The Happiness Scores are then mapped to the ETFs.

In [8]:
# Combine Dataframes to show Happiness Score by ETF (for Portfolio Weights)

country_etf_combined = pd.merge(etf_country_map_df, wh_2015_2019_df,on='Country', how='outer')

country_etf_combined.set_index('ETF', inplace=True)
columns = [2015,2016,2017,2018,2019]
country_etf_combined.columns = columns

country_etf_combined

NameError: name 'wh_2015_2019_df' is not defined

### Portfolio Weightings

For each year the score is weighted so that the total is 100.

The weighted scores are shown below with a temporary Total row to check they add up to 100. 

In [None]:
# Create dictionary of country_etf_combined columns for later calculation to weight the scores for each year.

country_dict = {}

# Loop through the country_etf_combined DataFrame to create a dictionary column for each year.

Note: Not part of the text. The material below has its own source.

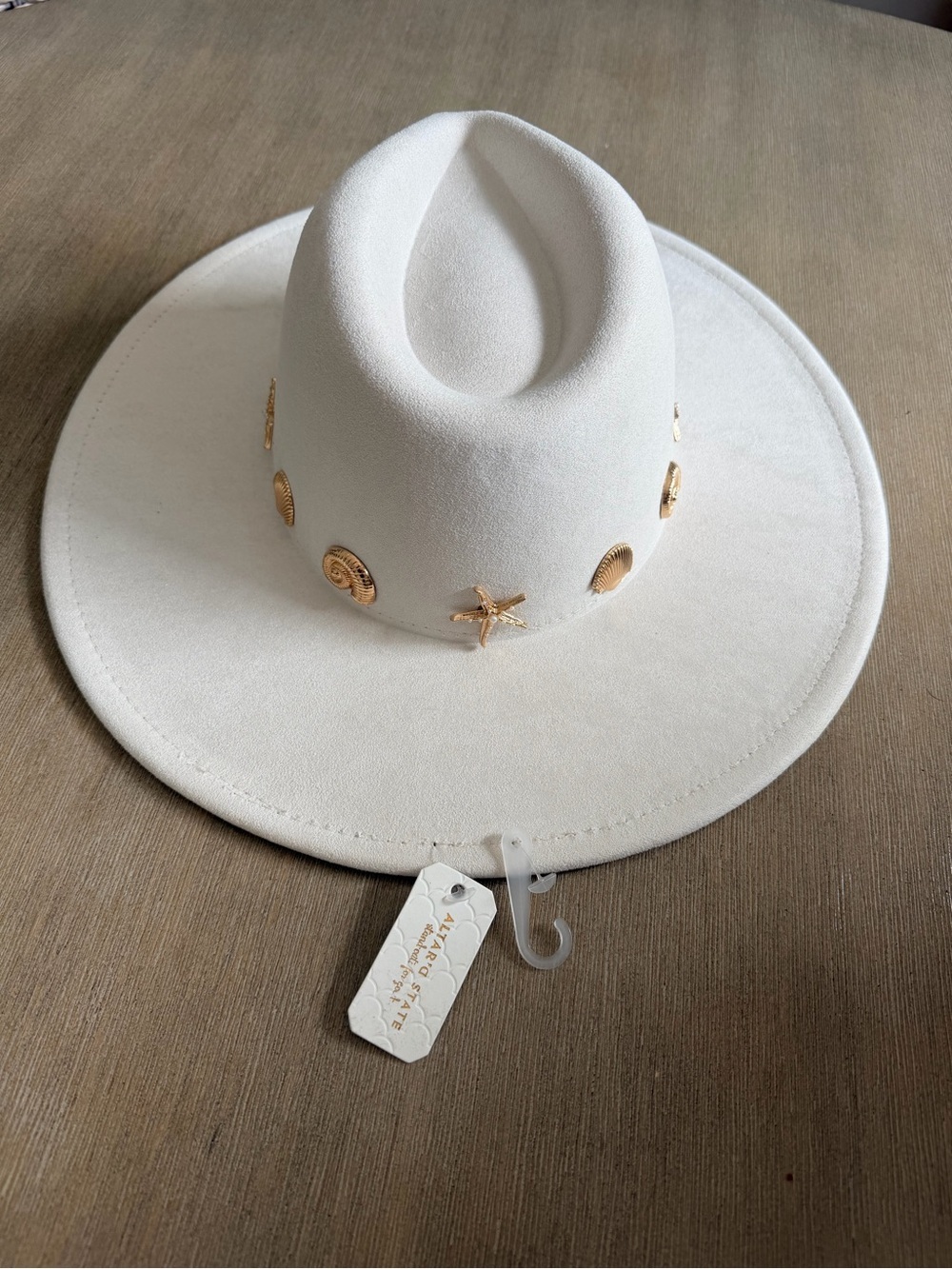 Altar'd State White Wide-Brim Felt Hat with Gold Shell Accents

for col in country_etf_combined.columns:
    country_dict[col] = pd.DataFrame(country_etf_combined[col])
    


In [None]:
# Create new dataframe to receive the newly calculated portfolio weights

country_etf_weighted = pd.DataFrame()

# Loop through the country_dict (yearly Happiness Scores) to rebase the scores to equal 100.

for key in country_dict:
    country_etf_weighted[key] = (country_dict[key]/country_dict[key].sum()) * 100

# Round to 2 dp and review the dataframe
country_etf_weighted = country_etf_weighted.round(decimals=2)

country_etf_weighted.append(country_etf_weighted.sum().rename('Total'))

The portfolio weights for each year are displayed in an interactive donut chart to show the change over time.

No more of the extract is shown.